*Work instruction:* Lines before the one containing "La Posada Del" are to be left out; that line and every line after it, through the last line below, are to be reproduced exactly.

*Data for this exercise:*
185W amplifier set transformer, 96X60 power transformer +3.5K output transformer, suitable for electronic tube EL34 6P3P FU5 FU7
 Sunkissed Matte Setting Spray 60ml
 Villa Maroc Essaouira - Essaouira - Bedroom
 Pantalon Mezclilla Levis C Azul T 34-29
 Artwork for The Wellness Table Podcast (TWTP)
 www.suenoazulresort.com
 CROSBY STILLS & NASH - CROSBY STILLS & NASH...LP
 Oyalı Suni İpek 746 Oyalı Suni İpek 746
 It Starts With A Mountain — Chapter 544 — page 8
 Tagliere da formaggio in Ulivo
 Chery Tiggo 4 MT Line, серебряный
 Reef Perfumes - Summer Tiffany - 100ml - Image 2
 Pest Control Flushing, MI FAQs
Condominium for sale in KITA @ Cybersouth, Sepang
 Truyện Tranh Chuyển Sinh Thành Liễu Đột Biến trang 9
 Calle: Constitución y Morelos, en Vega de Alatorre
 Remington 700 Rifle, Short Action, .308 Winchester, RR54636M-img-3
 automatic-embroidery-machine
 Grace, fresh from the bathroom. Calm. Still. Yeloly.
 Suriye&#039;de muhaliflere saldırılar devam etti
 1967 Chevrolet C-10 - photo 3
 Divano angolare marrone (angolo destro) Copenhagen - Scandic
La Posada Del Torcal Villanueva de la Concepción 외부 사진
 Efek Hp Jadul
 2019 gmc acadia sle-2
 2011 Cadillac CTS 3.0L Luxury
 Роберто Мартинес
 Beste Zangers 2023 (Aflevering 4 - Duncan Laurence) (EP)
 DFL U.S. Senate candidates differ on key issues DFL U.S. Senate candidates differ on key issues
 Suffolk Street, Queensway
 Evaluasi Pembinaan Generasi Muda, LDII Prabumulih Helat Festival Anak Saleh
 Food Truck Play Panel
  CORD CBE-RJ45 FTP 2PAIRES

*Task response:*
La Posada Del Torcal Villanueva de la Concepción 외부 사진
 Efek Hp Jadul
 2019 gmc acadia sle-2
 2011 Cadillac CTS 3.0L Luxury
 Роберто Мартинес
 Beste Zangers 2023 (Aflevering 4 - Duncan Laurence) (EP)
 DFL U.S. Senate candidates differ on key issues DFL U.S. Senate candidates differ on key issues
 Suffolk Street, Queensway
 Evaluasi Pembinaan Generasi Muda, LDII Prabumulih Helat Festival Anak Saleh
 Food Truck Play Panel
  CORD CBE-RJ45 FTP 2PAIRES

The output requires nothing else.